The winner? A mid-cap bank you may not have heard of: Home BancShares (NASDAQ:HOMB). What makes this $4.2 billion southern bank so special? Let's find out.

exterior of bank branch

Image source: Getty Images.


Home BancShares was founded in 1999 by an investment group led by current chairman John "Johnny" Allison and vice chairman Robert "Bunny" Adcock. While their names may sound like characters from a John Ford western, Allison and Adcock have proved themselves to be savvy stewards of shareholder capital.

Allison manages the company largely from the perspective of a value investor, using the M&A market to his advantage. Over the course of 20 years, the company has bought more than 20 banks and loan pools. In 2009, it merged several of its charters into one, and it now operates all branches under the Centennial Bank brand, an institution Home acquired in the early 2000s.

The company has since grown to 76 branches in Arkansas, 89 in Florida, five in Alabama, one in New York City (acquired in a 2015 acquisition), and two loan production offices in Los Angeles. Home BancShares makes several types of loans, with an emphasis on commercial real estate and development/construction loans, though residential mortgages and commercial and industrial loans play lesser parts in Home's loan mix.

A serial acquirer

"I'm not a banker, I'm a businessman," Allison told Bank Director magazine last year. "I run it like a business. I don't run it like a bank."

This comes through in several ways. One is Allison's knack for making great acquisitions at fair (or better) prices. In fact, after the financial crisis, Home purchased more banks from the FDIC (i.e., out of bankruptcy) than any other institution between 2010 and 2012, according to COO John Tipton.

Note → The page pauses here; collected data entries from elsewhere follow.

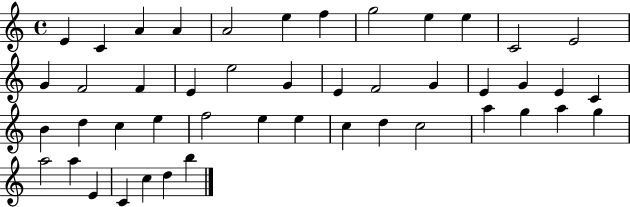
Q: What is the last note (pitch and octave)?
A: B5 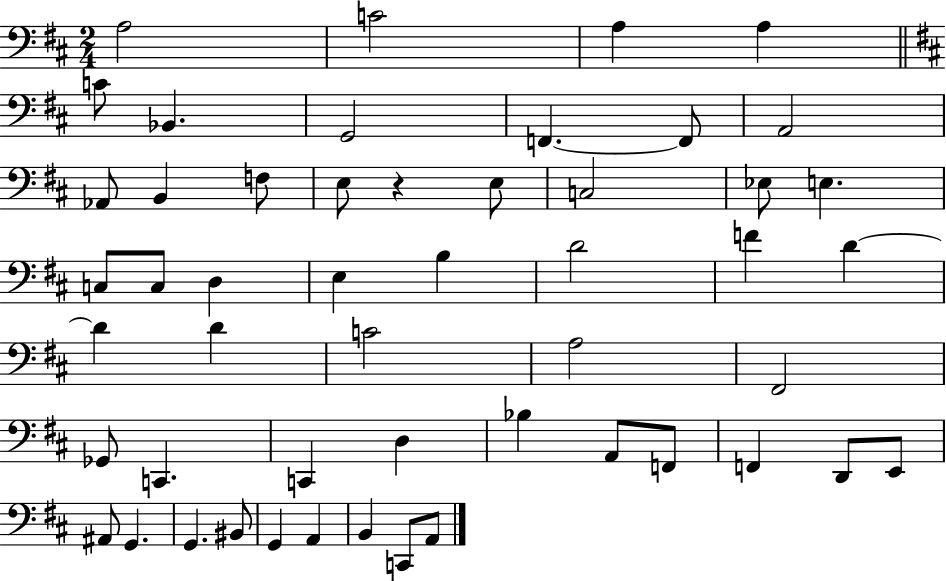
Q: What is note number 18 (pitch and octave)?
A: E3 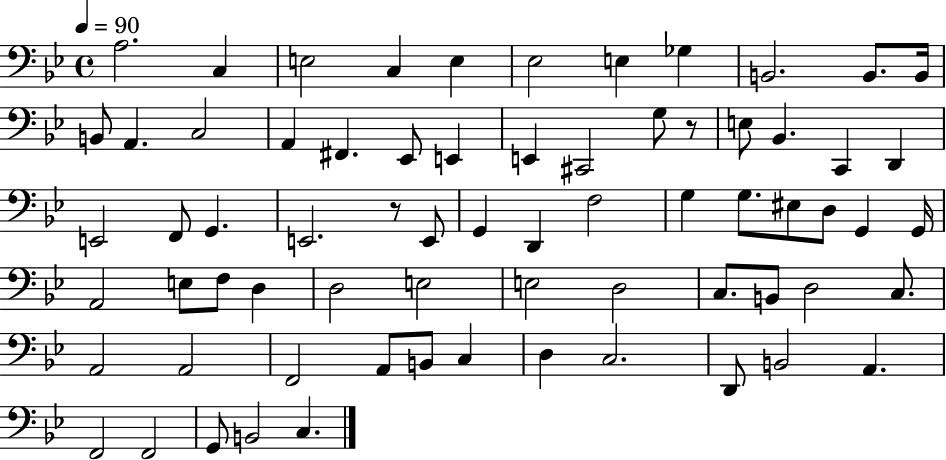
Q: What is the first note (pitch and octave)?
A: A3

But the company is not only a deep-value hunter; it also acquires quality banks at reasonable prices. A prime example is Home's $820 million acquisition of Florida-based Stonegate Bank in September 2017, which was the company's third acquisition last year. 

Allison has a significant amount of his net worth in Home BancShares common stock, with over 6 million shares amounting to over $130 million. In the aforementioned Bank Director interview, Allison said: "They're buying the fact that I'm the largest shareholder and 85 percent of my net worth is tied up in this stock. They know that I'm not going to go out there and do something stupid."

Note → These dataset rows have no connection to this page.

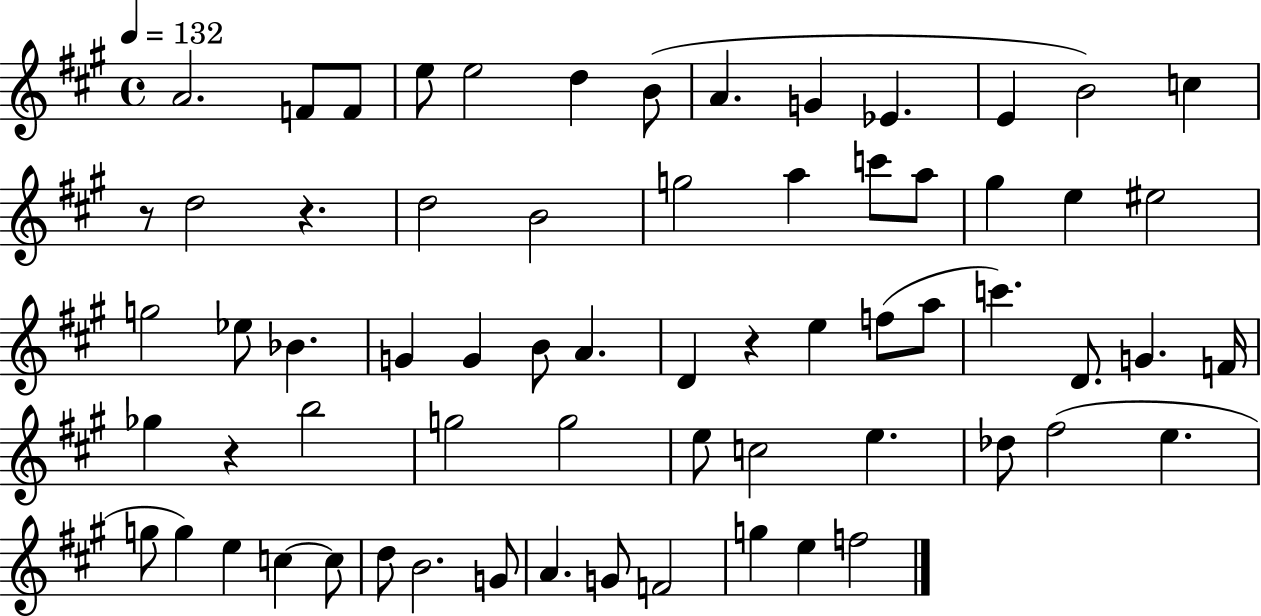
A4/h. F4/e F4/e E5/e E5/h D5/q B4/e A4/q. G4/q Eb4/q. E4/q B4/h C5/q R/e D5/h R/q. D5/h B4/h G5/h A5/q C6/e A5/e G#5/q E5/q EIS5/h G5/h Eb5/e Bb4/q. G4/q G4/q B4/e A4/q. D4/q R/q E5/q F5/e A5/e C6/q. D4/e. G4/q. F4/s Gb5/q R/q B5/h G5/h G5/h E5/e C5/h E5/q. Db5/e F#5/h E5/q. G5/e G5/q E5/q C5/q C5/e D5/e B4/h. G4/e A4/q. G4/e F4/h G5/q E5/q F5/h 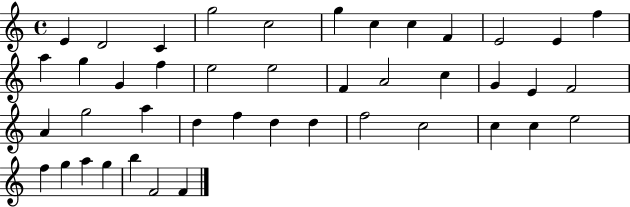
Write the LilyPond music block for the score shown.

{
  \clef treble
  \time 4/4
  \defaultTimeSignature
  \key c \major
  e'4 d'2 c'4 | g''2 c''2 | g''4 c''4 c''4 f'4 | e'2 e'4 f''4 | \break a''4 g''4 g'4 f''4 | e''2 e''2 | f'4 a'2 c''4 | g'4 e'4 f'2 | \break a'4 g''2 a''4 | d''4 f''4 d''4 d''4 | f''2 c''2 | c''4 c''4 e''2 | \break f''4 g''4 a''4 g''4 | b''4 f'2 f'4 | \bar "|."
} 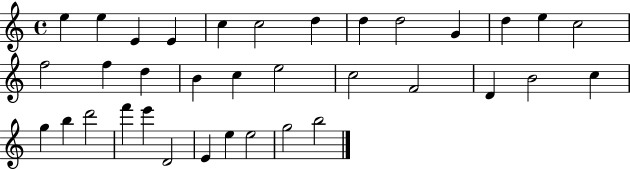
X:1
T:Untitled
M:4/4
L:1/4
K:C
e e E E c c2 d d d2 G d e c2 f2 f d B c e2 c2 F2 D B2 c g b d'2 f' e' D2 E e e2 g2 b2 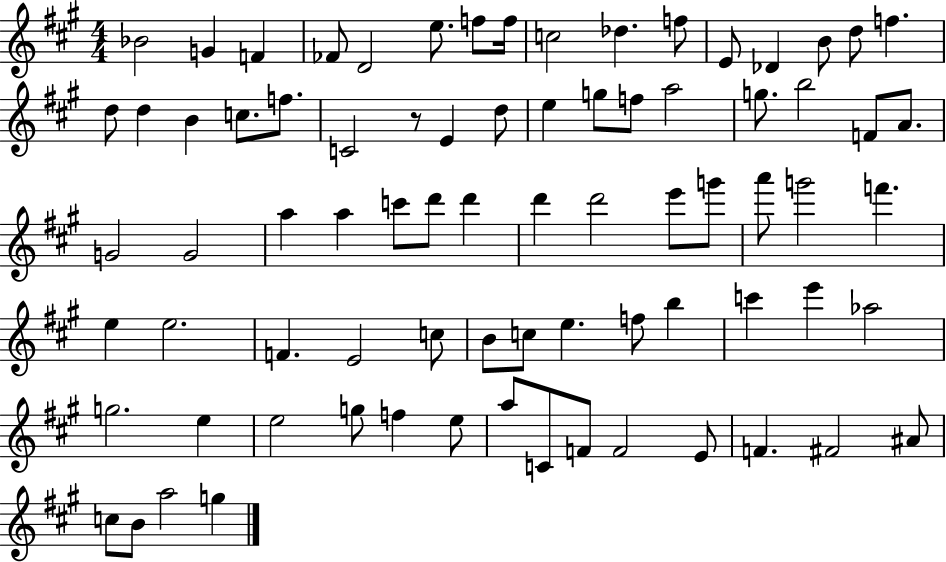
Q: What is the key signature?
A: A major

And that, ladies and gentlemen, is why we love owner-operators here at The Motley Fool.

Local and efficient

The other ingredients in Home BancShares' "secret sauce" include a ruthless focus on costs and a decentralized, community-bank structure. Even though Home BancShares buys other banks and rebrands them under the Centennial Bank name, local bank boards are empowered to make up to $6 million in loans, and local branches are encouraged to participate in local charities and organizations.

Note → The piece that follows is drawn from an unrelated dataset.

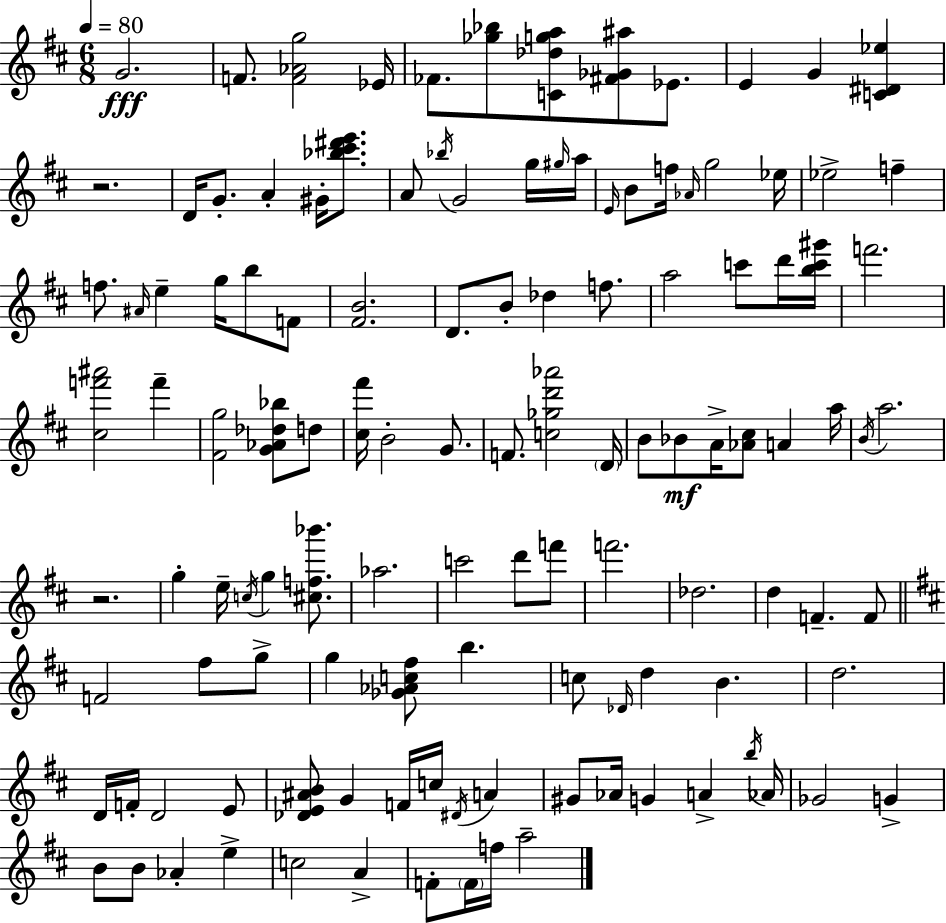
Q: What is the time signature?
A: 6/8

This decentralized structure and focus on stripping out costs make Home BancShares extremely efficient. In the fourth quarter of 2017, the company reported a stellar 37.35% efficiency ratio (this metric measures noninterest expenses divided by net revenue, so lower is better). That's one of the lowest ratios among all banks -- even lower than that of internet-only bank and Fool favorite Bank of the Internet (NYSE:AX), and far below the 56.4% average among U.S. banks.

Recent developments

Home BancShares just reported its full-year results. With its recent Stonegate acquisition, the company just crossed $10 billion in assets. Excluding the impact of hurricanes and merger-related expenses, Home's 2017 non-GAAP earnings per share grew 7.14% to $1.35 from the prior-year period, while the company maintained a conservative equity-to-assets ratio of over 15%. Return on equity (ROE) decreased in the past two quarters due to deferred tax asset writedowns in the fourth quarter and hurricanes in the third quarter, but earlier in the year, the bank achieved an ROE between 13% and 15%, which is excellent compared with the industry average of 9.58%.

Currently, Home BancShares trades at a forward price-to-earnings ratio of just 12.4 and a price-to-book ratio of 1.88. Given Home BancShares' winning culture, savvy management, and high-return model, that price seems more than fair, and Foolish investors may wish to give this high-performing bank a close look for their portfolios.